Program for computing reuse distance and similar metrics for sparse matrix-vector multiplication

Primary LanguageCGNU General Public License v3.0GPL-3.0

This is the README file for mtxreusedist, a program for computing
reuse distance and other metrics for data locality in connection with
sparse matrix-vector multiplication kernels.

  Copyright (C) 2023 James D. Trotter

  Copying and distribution of this file, with or without modification,
  are permitted in any medium without royalty provided the copyright
  notice and this notice are preserved.

Building
--------

The mtxreusedist program can be built with `make'. Compilation and
linking may be configured through the environment variable `CC', which
is used to choose a compiler, and `CFLAGS' and `LDFLAGS', which are
used to set compiler flags and linker flags, respectively. Here is an
example:

     make CC=gcc CFLAGS="-O3 -march=native"

If support for loading zlib-compressed Matrix Market files is needed,
then compile with -DHAVE_LIBZ and link to zlib:

     make CC=gcc CFLAGS="-O3 -march=native -DHAVE_LIBZ" LDFLAGS="-lz"


Usage
-----

mtxreusedist is used to load a matrix from a file in Matrix Market
format (see https://math.nist.gov/MatrixMarket/formats.html), convert
the sparse matrix to compressed sparse row (CSR) format, and then
compute reuse distance or similar metrics for a sparse matrix-vector
multiplication (SpMV) kernel using the given matrix.

Some parts of these computations can use OpenMP for shared-memory
parallelism. In this case, the environment variable `OMP_NUM_THREADS'
can be set to control the number of threads that are used. In
addition, `OMP_PROC_BIND' can be set to bind threads to particular
cores.

If the option `--verbose' is supplied, then some more information is
printed, such as how long time is spent loading the matrix and
computing the reference distance.

Here is an example showing how to compute a histogram of the reference
distance for the HB/1138_bus (https://sparse.tamu.edu/HB/1138_bus)
from the SuiteSparse Matrix Collection. First, download the matrix in
Matrix Market file format, and then use the following command:

    $ ./mtxreusedist --histogram --verbose 1138_bus.mtx >1138_bus.txt
    mtxfile_read: 0.003338 seconds (12.7 MB/s)
    csr_from_coo: 0.000119 seconds, 1,138 rows, 1,138 columns, 4,054 nonzeros, 2 to 18 nonzeros per row
    computing reuse/reference distance:
    done computing reuse/reference distance in 0.000131 seconds
    writing reuse/reference distance:
    done writing reuse/reference distance in 0.001446 seconds

The standard output is redirected to the file 1138_bus.txt, which now
contains a histogram of reference distances corresponding to accesses
to the source/input vector for the SpMV kernel.
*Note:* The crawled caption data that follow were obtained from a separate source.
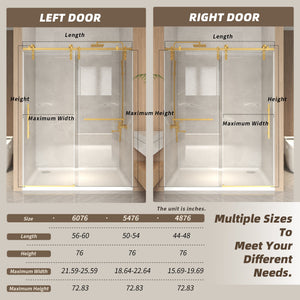 44-48" x 76" Frameless Sliding Shower Door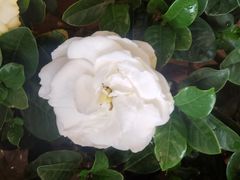 -双季花艺园艺市场(浦东店)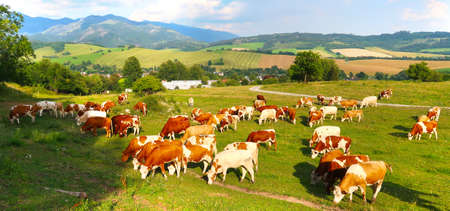 Cow herd on the meadow with feelds in the background. Liptov panorama - Low Tatras and Liptovkska Mara water lake reservoir. Summertime in the Northern Slovakia, Slovak Republic, Europe.の写真素材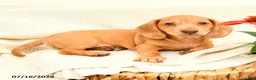 Miniature Dachshund dogs for sale: Ginger - Ad 2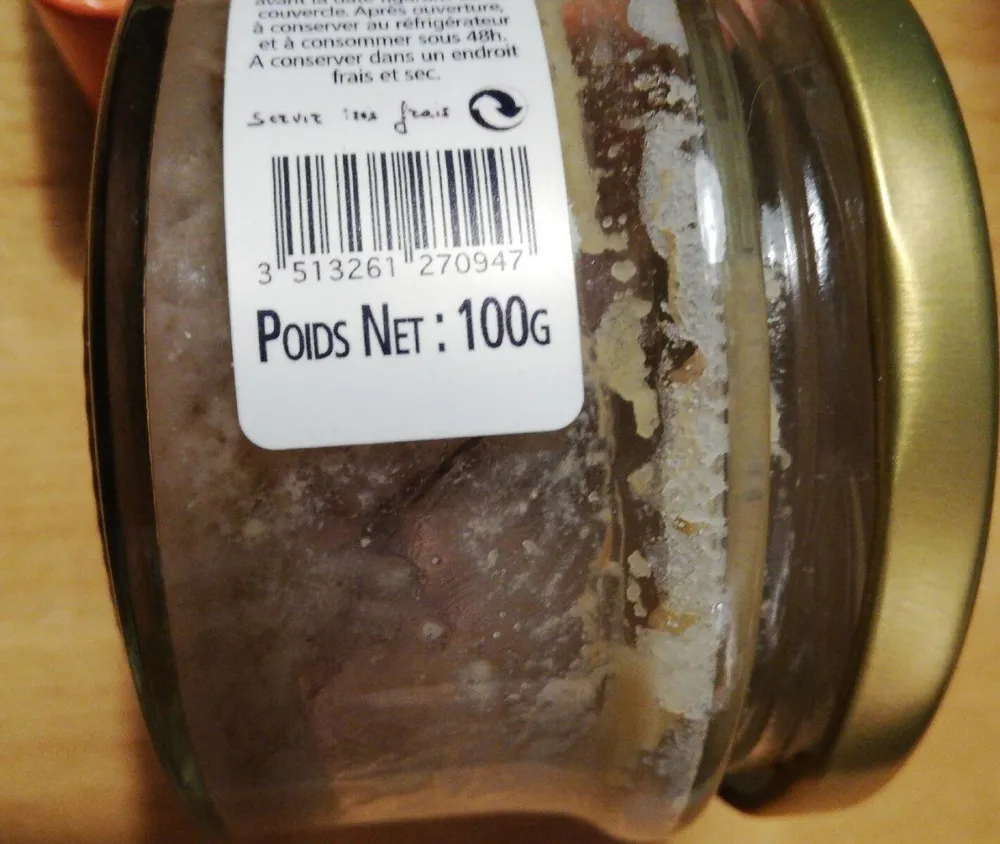 Terrine d'oie au foie de canard
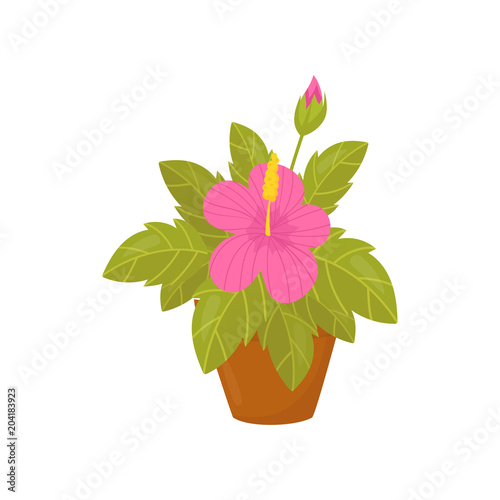 Houseplant with pink flowers and wide green leaves. Flat vector icon of beautiful blooming plant in brown pot. Home decor element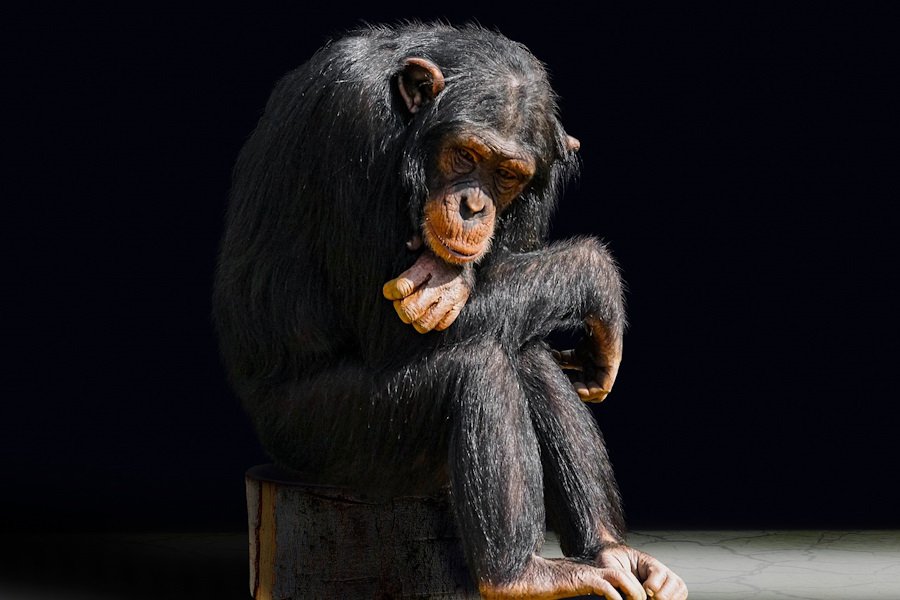 Учёные обнаружили длительную менопаузу у самок диких шимпанзе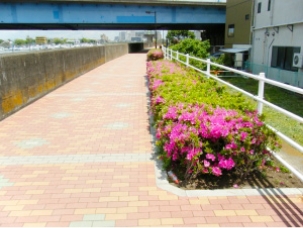 旧江戸川遊歩道（今井橋付近）の画像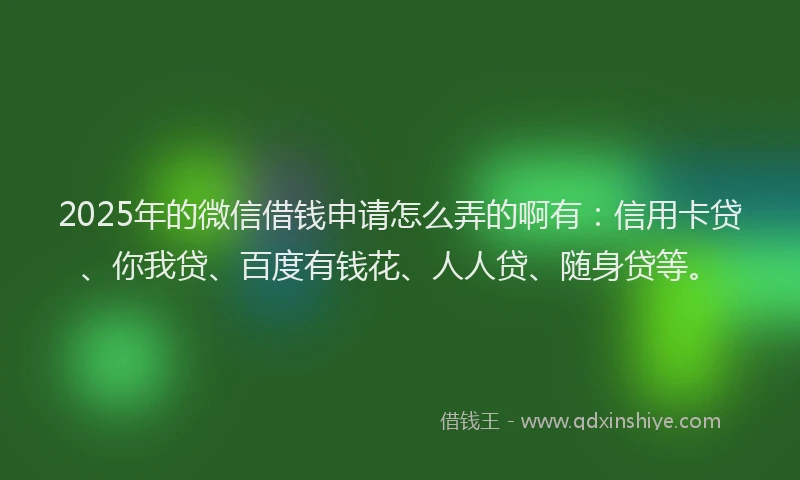 2025年的微信借钱申请怎么弄的啊有：信用卡贷、你我贷、百度有钱花、人人贷、随身贷等。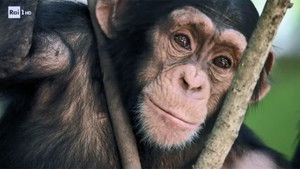 Archaeological Museum of Naples, the Bueno Fonteno caves, the stamped steak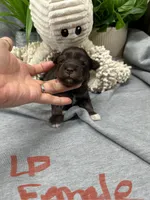 Liver Pepper G, a female Miniature Schnauzer for sale in Murfreesboro, TN – Photo 1 of 3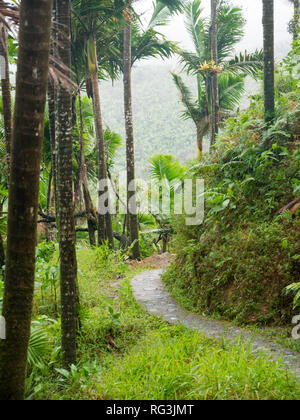 Narrow path though El Yunque tropical rainforest in Puerto Rico Stock Photo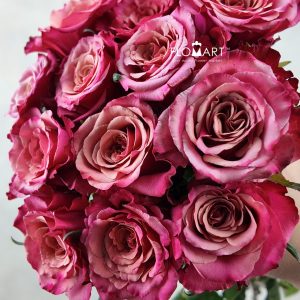 Rosa Cold Brew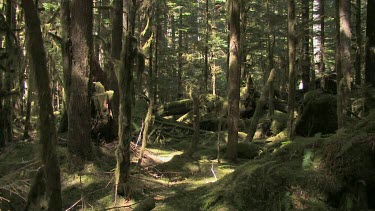 Deep, dark elfin rain forest bathed in dark and light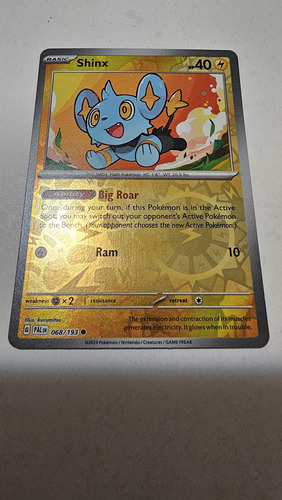 Pokemon Card Game   Shinx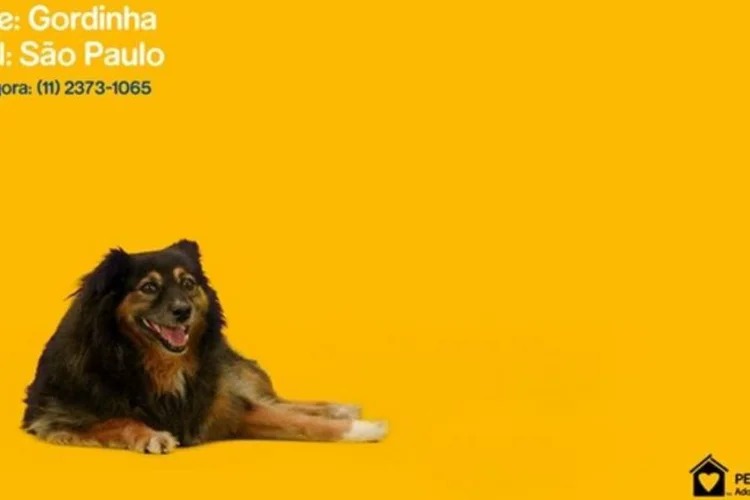 
	Screen and Dog Saver: quando cachorro &eacute; adotado, &eacute; substitu&iacute;do por um que aguarda dono
 (Divulgação)
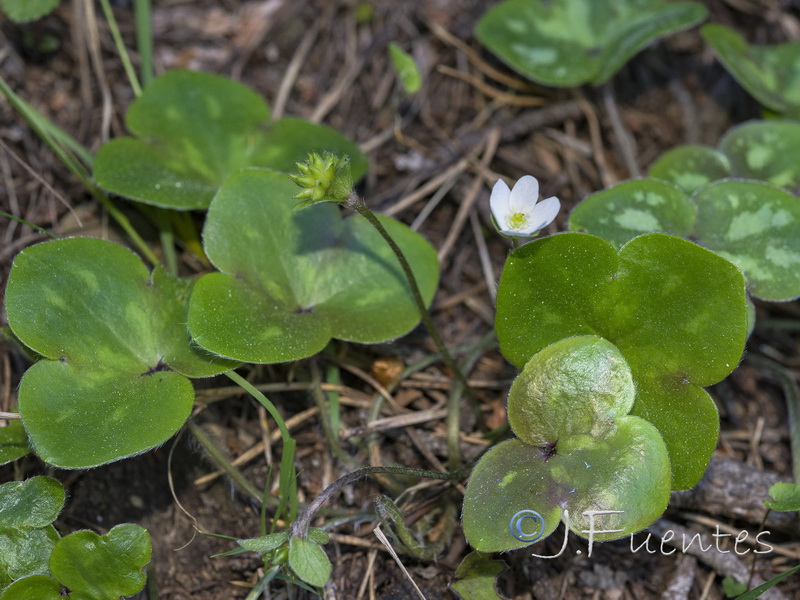 Hepatica nobilis.01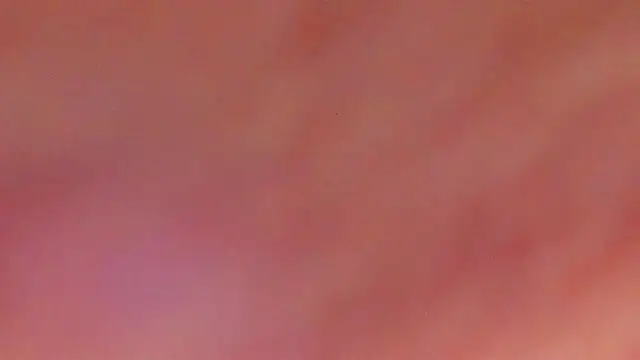 excited-blizzard (F young) - 😺DILDO TIME FOR KITTY^^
The file consists of two entries for every line, which specify the
distance in the number of accesses (or in cache lines if the
`--line-size' option was used) and the number of accesses for that
particular distance. Here is an example:

    $ head 1138_bus.txt
    distance count
    0 2188
    1 455
    2 275
    3 180
    4 106
    5 88
    6 56
    7 49
    8 36
    ...

On the the last line, the distance is '∞', which that the
corresponding accesses to the source vector never experience reuse.

Note that distances are given in terms of accesses to the source
vector only. Recall that for rowwise SpMV kernels, such as those based
on matrices in CSR format, the only irregular memory accesses are to
the source/input vector. Accesses to column offsets and matrix
nonzeros are regular and they are never reused (at least within a
single SpMV iteration). Thus we are only concerned with the reuse of
the source/input vector.

The gnuplot script 1138_bus.gnu gives an example of how to use gnuplot
to visualise the reference distance histogram.


Copying
-------
mtxreusedist is free software. See the file COPYING for copying
conditions.